Sein Verband werde diesen „Wunschvorstellungen“ nicht nachkommen, erklärte BDGW-Hauptgeschäftsführer Harald Olschok in einer Mitteilung. Vor allem kleinere Betriebe könnten solche Entgeltsteigerungen „nicht bezahlen“, sagte Verbandssprecherin Silke Wollmann der taz. Trotz des Warnstreiks soll es laut BDGW aber nicht zu größerem Bargeldmangel an Geldautomaten gekommen sein. „Ich habe von keinen Totalausfällen gehört“, sagte Wollmann.

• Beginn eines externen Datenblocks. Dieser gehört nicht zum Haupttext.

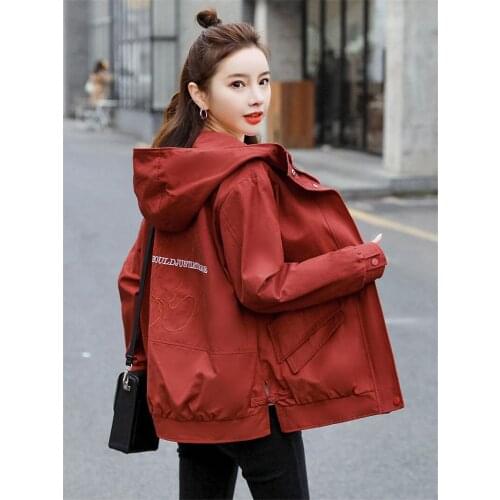 Womens Short Trench Coat 2021 Spring Autumn New Plus Size Korean Casual Loose Hooded Female Fashion Tooling Jacket aq045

Die Arbeitgeber bieten eine Erhöhung des Stundenlohns rückwirkend zum 1. Januar um 40 Cent an und nochmals zum 1. Januar 2020 um 50 beziehungsweise 40 Cent, je nach Region. Solche Vorschläge seien „nicht kompromissfähig“, sagte Verdi-Verhandlungsführer Arno Peukes. Die Gehälter für die Geldzähler und Geldtransportfahrer, die bewaffnet sind und meist einen Lkw-Führerschein haben, liegen laut Verdi im Osten zwischen 1.800 und 2.400 Euro und im Westen zwischen 2.200 und 2.900 Euro brutto. Die Brutto-Stundenlöhne ohne Nachtzuschläge schwanken für die Geldtransportfahrer zwischen rund 13 Euro in den neuen Bundesländern und Berlin sowie 16 Euro in Nordrhein-Westfalen.

„Ein großes Problem sind die steigenden Mieten, aber auch viele Rentenpunkte kommen bei dem Lohn nicht zusammen“, sagt Dieter G., 60, Geldtransportfahrer und einer der Demonstranten am Donnerstag. G. wohnt in Berlin-Lichtenberg.

Die Geldtransportfahrer, gerade in den neuen Bundesländern und in Berlin, stören sich an den regionalen Unterschieden in der Branche. Die Lohnangleichung ist eine Hauptforderung. In Bayern liegt der Grundstundenlohn bei 15,33 Euro brutto, in Berlin bei 12,64. Robert Knebel, 59, ist Betriebsratsvorsitzender beim Sicherheitstransportunternehmen Ziemann. „In Berlin sind die Lebenshaltungskosten mindestens genauso hoch wie anderswo“, sagt Knebel. „Und in Hof in Bayern sind die Entgelte auch nicht niedriger, nur weil die Kosten geringer sind als in München.“

Die Löhne der Geldboten liegen allerdings über dem statistischen Niedriglohn. Dieser beträgt zwei Drittel des mittleren Entgeltes. Laut Zahlen vom Deutschen Institut für Wirtschaftsforderung (DIW), allerdings von 2016, betrug die Niedriglohngrenze damals 10 Euro Brutto.